Top of Information shown

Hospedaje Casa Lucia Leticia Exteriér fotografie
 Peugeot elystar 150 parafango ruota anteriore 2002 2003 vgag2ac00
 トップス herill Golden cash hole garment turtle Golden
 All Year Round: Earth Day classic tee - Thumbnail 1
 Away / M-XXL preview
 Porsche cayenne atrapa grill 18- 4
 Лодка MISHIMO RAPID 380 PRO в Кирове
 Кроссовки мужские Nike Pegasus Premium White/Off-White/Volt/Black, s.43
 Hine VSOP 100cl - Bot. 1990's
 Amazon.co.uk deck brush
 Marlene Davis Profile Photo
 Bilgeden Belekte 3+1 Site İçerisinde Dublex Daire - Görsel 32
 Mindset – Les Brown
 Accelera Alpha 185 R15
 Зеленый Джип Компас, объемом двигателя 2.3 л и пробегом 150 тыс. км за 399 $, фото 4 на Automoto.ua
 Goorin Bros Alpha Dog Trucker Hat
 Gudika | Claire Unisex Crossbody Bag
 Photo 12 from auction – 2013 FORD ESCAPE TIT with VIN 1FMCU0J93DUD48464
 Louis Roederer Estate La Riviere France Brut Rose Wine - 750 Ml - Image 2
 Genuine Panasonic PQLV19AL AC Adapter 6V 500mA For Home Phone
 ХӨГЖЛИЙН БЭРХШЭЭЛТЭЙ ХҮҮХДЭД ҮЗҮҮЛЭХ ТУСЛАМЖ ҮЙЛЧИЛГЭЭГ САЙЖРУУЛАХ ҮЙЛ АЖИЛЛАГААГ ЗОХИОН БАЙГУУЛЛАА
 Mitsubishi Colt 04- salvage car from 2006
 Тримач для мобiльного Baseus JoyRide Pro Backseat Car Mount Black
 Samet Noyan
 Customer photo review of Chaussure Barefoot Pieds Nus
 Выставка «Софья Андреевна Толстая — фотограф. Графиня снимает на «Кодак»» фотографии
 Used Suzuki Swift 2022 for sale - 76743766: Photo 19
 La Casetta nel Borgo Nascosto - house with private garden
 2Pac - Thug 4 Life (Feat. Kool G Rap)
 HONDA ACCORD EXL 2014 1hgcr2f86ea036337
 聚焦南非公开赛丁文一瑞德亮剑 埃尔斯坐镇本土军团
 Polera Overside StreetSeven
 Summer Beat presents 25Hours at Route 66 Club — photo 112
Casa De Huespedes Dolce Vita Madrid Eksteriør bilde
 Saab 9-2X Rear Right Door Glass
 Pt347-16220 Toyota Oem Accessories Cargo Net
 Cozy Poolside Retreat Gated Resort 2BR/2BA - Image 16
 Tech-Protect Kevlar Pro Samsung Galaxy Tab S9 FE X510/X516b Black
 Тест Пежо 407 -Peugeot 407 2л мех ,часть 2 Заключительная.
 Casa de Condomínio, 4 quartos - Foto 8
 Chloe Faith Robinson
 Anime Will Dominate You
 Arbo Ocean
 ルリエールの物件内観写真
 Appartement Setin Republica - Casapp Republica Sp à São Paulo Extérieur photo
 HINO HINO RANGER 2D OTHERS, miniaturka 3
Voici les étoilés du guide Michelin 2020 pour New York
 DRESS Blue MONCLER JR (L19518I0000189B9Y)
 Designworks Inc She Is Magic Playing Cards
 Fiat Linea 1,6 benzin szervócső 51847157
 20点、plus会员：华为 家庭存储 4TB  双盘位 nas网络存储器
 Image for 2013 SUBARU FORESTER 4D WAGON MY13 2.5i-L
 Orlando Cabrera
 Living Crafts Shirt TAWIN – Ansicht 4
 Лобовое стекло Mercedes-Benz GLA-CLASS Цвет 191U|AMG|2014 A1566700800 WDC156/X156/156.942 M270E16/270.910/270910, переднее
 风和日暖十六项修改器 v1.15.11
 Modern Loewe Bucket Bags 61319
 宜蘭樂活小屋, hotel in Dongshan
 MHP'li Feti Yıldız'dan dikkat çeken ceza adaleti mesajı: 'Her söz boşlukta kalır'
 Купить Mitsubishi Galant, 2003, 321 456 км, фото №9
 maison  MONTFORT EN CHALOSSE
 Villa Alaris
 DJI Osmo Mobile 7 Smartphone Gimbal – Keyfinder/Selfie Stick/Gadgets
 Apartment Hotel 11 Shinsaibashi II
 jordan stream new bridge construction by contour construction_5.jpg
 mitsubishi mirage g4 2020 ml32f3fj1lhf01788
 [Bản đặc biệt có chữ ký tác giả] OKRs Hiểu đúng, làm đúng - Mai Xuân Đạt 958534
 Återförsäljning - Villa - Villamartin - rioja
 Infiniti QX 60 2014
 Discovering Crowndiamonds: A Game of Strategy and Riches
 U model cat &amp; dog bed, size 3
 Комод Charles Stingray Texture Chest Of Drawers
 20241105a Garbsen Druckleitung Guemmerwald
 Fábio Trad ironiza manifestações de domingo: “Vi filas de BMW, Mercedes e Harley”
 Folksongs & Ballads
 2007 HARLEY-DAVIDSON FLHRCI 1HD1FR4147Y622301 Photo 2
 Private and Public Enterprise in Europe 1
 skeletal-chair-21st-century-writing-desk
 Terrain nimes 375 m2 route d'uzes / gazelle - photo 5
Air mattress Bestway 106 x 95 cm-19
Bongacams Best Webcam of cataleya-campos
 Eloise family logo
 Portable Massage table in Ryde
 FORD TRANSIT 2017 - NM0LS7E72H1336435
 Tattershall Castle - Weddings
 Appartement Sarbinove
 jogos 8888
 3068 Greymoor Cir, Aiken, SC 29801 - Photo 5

Bottom of Information shown

Find the lines above holding the word "with" and show them.

▸ **Answer to this problem**:
 Photo 12 from auction – 2013 FORD ESCAPE TIT with VIN 1FMCU0J93DUD48464
 La Casetta nel Borgo Nascosto - house with private garden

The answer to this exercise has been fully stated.